这位老师笑了笑说:“多哦!几乎每一届都有。”
韩思月就是其中之一,她也是一位初中数学教师。去年9月,送儿子到四川某大学报到后,她毅然和丈夫走进民政局离婚。
“漫长的冷静期后,我终于‘自由’了。”说起这件事,正在梳妆镜前编着头发、准备跳舞的韩思月,满脸轻松。她直言,离婚后才找到了生活,人的状态也不一样了。
“等到高考后离婚,就是为了不影响孩子。”回忆起那段日子,她还是忍不住叹了口气。丈夫时常不归家,除了繁重的教学任务,陪伴孩子的重任也落在韩思月一人肩上。
为了不让孩子看出情绪,难过时,她只能躲在卫生间里流泪。然后立刻收拾好情绪,孩子可能随时会找她问问题。
再往后,韩思月便不愿细说了,一句“我忘了”概括所有。但孩子高考后才离婚,是他们夫妻最后心照不宣的默契。

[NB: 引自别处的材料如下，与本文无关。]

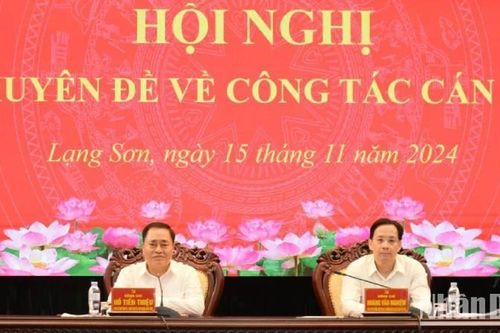 Lạng Sơn: Kiện toàn chức danh Bí thư Tỉnh ủy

拿到离婚证后,儿子在电话里的一句“妈妈,你终于解脱了”,让韩思月笑着哭了很久。她说:“我的付出,儿子看到了,他明白,也长大了,高考那一年的隐忍都值得。”
近年来,“高考后离婚潮”成为互联网上的热词。曾有媒体报道,湖北襄阳某民政局工作人员称,随着高考结束,每月离婚登记达到了300多对,呈上升趋势。
对此,有家长认为,孩子已经年满18岁,有自己的判断能力,不是“掩盖”就能瞒住;也有家长表示,“休战”是父母对孩子良苦用心的付出,没有对错之别。
根据重庆市教育考试院数据,2024年,全市普通高校招生报名35.4万人,比去年增加1.7万人。除高职分类考试招生、保送生等已录取考生和体育单招、残疾单招等考生外,应参加统一高考的考生20.3万人,比去年增加0.9万人。全市共设置考区39个,考点106个,考场6861个。
每一个考试,考场外都有着成百上千、默默守望等待的父母。他们或席地而坐,或靠墙站立,无论是炎炎烈日,还是冷雨纷纷。他们翘首以盼,望眼欲穿,看向同一个地方。
不可否认,高考“陪考”已成为一种现象。对此,社会各界态度不一,但有一点一定是共识:一切都是父母的选择,目之所及皆是爱。
他们用行动告诉子女,没有满分的顺境,也没有零分的逆境。无论怎样,背后永远有父母这坚实的“后盾”。
相信,每一位走进高考考场的莘莘学子,随着成长也会渐渐明白,你此时的不断努力,就是为了让自己成长的速度,超过父母老去的速度。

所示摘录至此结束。